Yeah – this is the big one. This is the book that changed me forever. If you peel back the layers of my psyche, you’d find this book lodged deep in my mind. Even more than any fantasy or science fiction book, this book is the lens by which I see the world.

An absurdist and at times black comedy. Life is the laughter of the gods – but sometimes they have a black sense of humor.

A satirical antiwar novel – it focuses on Yossarian, an American bombardier in the Second World War, who would very much like to not be a bombardier in the Second World War.

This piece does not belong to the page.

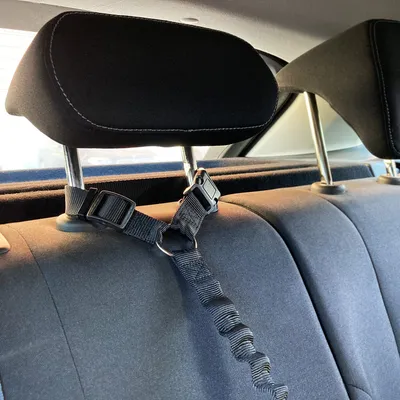 Flamingo - Laisse de voiture Ramone Noir M pour chien max 30 kg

Distinctive non-linear or “non-chronological omniscient third person” narrative, with the plot seemingly an assortment of random events on base or shifting focus across several characters (among the most humorous character vignettes in literary fiction) – although linked by the main focus on Yossarian and recurring story arc of mysterious references to Snowden.

And of course the novel originated the titular expression to describe a no-win situation or a double bind.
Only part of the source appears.